Отдавая предпочтение практическому обучению, активисты движения солидарности мигрантов утверждают, что обмен опытом подразумевает взаимный процесс, а не односторонние наставления. Это межкультурный обмен, поддерживающий анархическую этику взаимопомощи. Этичность практического обучения, как и самой анархической науки, способствует созданию местных и глобальных сетей на основе чувства родственности и принципов организации движений. Активисты движения борьбы с бедностью в Онтарио строят свою деятельность исходя из того, что «организаторы становятся частью сообществ, в которых работают в первую очередь как такие же малоимущие, а также как живущие неподалеку и принадлежащие к рабочей среде»:
«Мы не посторонние, и мы понимаем, что ничем не лучше тех, с кем организовываем работу. Мы не считаем, что лучше знаем потребности человека, чем он сам, однако признаем: у нас есть определенные навыки и знания, составляющие ценный актив. Большинство наших организаторов и участников сами являются или являлись получателями социальной помощи или низкооплачиваемыми работниками, и у нас есть глубокое понимание того, как работает система и какое влияние она оказывает на людей. Люди, с которыми мы организовываем работу, — не "клиенты". Они — те, с кем мы объединились в борьбе»[153].

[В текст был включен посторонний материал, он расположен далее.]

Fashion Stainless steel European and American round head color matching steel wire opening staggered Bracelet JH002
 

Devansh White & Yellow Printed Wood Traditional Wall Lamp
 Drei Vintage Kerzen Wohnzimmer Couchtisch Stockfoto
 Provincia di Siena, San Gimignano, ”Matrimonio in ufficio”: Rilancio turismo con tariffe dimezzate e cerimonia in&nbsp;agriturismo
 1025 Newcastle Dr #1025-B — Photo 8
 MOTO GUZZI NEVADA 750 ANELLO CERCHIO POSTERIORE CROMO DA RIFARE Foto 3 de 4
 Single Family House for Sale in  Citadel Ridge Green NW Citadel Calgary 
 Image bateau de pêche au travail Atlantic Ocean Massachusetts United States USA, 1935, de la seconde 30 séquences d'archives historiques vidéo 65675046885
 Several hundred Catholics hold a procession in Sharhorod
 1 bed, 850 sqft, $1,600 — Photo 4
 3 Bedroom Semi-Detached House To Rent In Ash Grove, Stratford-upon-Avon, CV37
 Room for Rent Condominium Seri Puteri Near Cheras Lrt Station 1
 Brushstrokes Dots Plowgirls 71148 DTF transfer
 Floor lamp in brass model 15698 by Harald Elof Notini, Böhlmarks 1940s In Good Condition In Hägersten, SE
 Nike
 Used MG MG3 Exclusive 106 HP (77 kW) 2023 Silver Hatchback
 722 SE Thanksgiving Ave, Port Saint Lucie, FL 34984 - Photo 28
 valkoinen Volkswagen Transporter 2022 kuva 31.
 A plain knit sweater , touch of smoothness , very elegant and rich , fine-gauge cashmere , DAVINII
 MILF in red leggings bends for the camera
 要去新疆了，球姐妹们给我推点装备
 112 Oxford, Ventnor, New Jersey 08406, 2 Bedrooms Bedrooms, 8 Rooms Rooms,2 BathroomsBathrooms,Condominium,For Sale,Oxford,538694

В обоих форматах обмен опытом является частью эффективного цикла, «круга добродетели», что-то вроде бакунинского «постоянного обмена взаимным, временным, а главное, добровольно признаваемым авторитетом и подчинением». Он способствует непрерывному образовательному процессу, направленному на борьбу с доминированием и продвижение анархических общественных преобразований.